There’s so much to say, I never got around to writing anything.
So I was sitting on a Delta DC-9, ready to take off from Melbourne, Florida When looked out the window, there was a man standing on the ground wearing safety gear and holding a couple of orange flashlights. He waved. That was unusual.
Then I heard voices behind me. “Look, Sky, that man is waving at you.” I craned my head around to see a little boy, just a toddler, in the seat behind me. He was traveling with his parents, two people who looked surprisingly young to me.
From the conversation behind me, I figured out that it was Sky’s first ride in an airplane.
As the plane taxied and took off, Sky and his parents entertained me with their observations. When we took off, they told him to watch how fast we were going. Once we were airborne, he said, “Lookie! The sun is coming! The sun is coming!” A few minutes later, “Where’s our house? When will we land? Where’s Grandpa’s house? Are we landing yet? I don’t see Grandpa’s house.”
We ascended through a light cloud layer, and the view was one of the most beautiful skyscapes I’ve ever seen. The dark ground, lit by pinpoints of electric light, was softened by a transparent black veil. At the same time, the sunlight reflecting off the clouds made a bright ethereal landscape above.
I’ve really enjoyed having Sky behind me during the flight, despite the fact that he took me at my word when I told him he could kick my seat-back.
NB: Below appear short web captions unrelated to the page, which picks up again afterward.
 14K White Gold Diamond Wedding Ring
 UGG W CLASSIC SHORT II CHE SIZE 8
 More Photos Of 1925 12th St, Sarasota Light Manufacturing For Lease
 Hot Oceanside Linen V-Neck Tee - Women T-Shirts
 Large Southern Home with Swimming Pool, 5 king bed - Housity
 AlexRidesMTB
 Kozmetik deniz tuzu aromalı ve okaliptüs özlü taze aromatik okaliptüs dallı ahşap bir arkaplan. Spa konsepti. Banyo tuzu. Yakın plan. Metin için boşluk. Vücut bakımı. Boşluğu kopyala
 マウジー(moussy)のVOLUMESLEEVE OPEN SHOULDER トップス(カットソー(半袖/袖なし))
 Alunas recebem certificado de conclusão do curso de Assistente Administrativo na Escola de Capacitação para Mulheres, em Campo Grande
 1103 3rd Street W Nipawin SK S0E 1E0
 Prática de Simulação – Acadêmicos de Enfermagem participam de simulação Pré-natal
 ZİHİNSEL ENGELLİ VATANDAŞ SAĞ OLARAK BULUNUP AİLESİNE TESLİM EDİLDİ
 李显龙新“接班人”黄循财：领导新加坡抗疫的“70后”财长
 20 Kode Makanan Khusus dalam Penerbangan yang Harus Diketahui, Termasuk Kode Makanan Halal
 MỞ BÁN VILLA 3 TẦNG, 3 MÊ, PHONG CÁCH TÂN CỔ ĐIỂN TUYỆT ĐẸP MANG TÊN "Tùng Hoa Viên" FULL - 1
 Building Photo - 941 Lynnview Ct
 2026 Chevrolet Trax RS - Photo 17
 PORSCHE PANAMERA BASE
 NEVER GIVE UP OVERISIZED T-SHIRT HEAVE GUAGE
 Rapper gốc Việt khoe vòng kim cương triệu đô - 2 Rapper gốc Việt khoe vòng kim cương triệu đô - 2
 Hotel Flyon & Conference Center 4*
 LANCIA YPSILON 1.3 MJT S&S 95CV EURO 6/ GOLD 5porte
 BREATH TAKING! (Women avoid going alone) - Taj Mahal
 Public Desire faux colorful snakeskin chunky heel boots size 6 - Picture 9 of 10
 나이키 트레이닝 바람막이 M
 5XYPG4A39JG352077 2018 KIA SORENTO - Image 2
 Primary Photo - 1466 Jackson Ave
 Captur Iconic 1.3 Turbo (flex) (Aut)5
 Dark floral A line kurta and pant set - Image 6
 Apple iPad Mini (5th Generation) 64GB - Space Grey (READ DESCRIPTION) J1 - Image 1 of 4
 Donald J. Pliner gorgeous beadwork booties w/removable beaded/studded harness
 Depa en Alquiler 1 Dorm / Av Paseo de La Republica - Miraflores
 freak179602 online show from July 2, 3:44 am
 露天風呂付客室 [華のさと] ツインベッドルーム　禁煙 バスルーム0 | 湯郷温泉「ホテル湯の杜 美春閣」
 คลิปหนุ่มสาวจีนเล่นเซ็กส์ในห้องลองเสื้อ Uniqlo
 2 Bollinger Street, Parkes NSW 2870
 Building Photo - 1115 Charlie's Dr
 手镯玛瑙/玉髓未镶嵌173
He sang the alphabet song (but got confused at the end) and traced his letters on the window. “Big A, little A. Big B, little B…”
Sky’s joyful curiosity reminded me of my Dad, who I’d just left that morning at 5:20 am. Even though Dad is over 80 years older than Sky, and he just had open-heart surgery, he is just as vibrant as that little boy.
The first two days after Dad’s operation were scary to me. Dad was in the ICU, which I expected, but he was not himself, which I didn’t expect. The first day, he didn’t even wake up. The second day, he was awake but didn’t talk.
On the morning of the third day, I walked into the ICU with my brother, full of apprehension. Then I heard his voice. And I heard peals of laughter from his nurses.
Dad was back!
For the next two days in the ICU, he pestered the nurses with questions about how the ICU worked and what the nurses were doing. He entertained them with his stories and his observations while they did their work. We joked about the fact that on Day Two, he had been making mooing noises because of the cow valve now implanted in his heart. Then we’d joke about the fact that it must have come from a bull, not a cow. The two of us were giddy and talkative. When the nurses saw me, they told me how lucky I am.
I know that.
My Dad’s a lot like the little boy, Sky. He is full of curiosity about the way the world works, cataloging his finds and comparing them to his prior experiences. Sometimes he seems to say whatever pops into his head, like a little kid who doesn’t worry what other people will think. He can be very observant and oblivious at the same time. We laugh a lot together. He makes silly noises and sings silly tunes. He likes teddy bears.
In the past decade, I have heard over and over, “Your Dad is amazing for his age.” It’s not his age that’s amazing. It’s his little-boy way of experiencing the world, his natural ebullience. He’s always been like this.
For Sky, the little boy on the plane, I wish that life would always be like his first flight, that he would always feel like he could touch the sky with his joyful enthusiasm for life.
In my Dad, Henry, we have proof that it is possible for all of us. He’s touched the sky many times, and will continue to do so into his 90’s. If Dad can do it, we all can.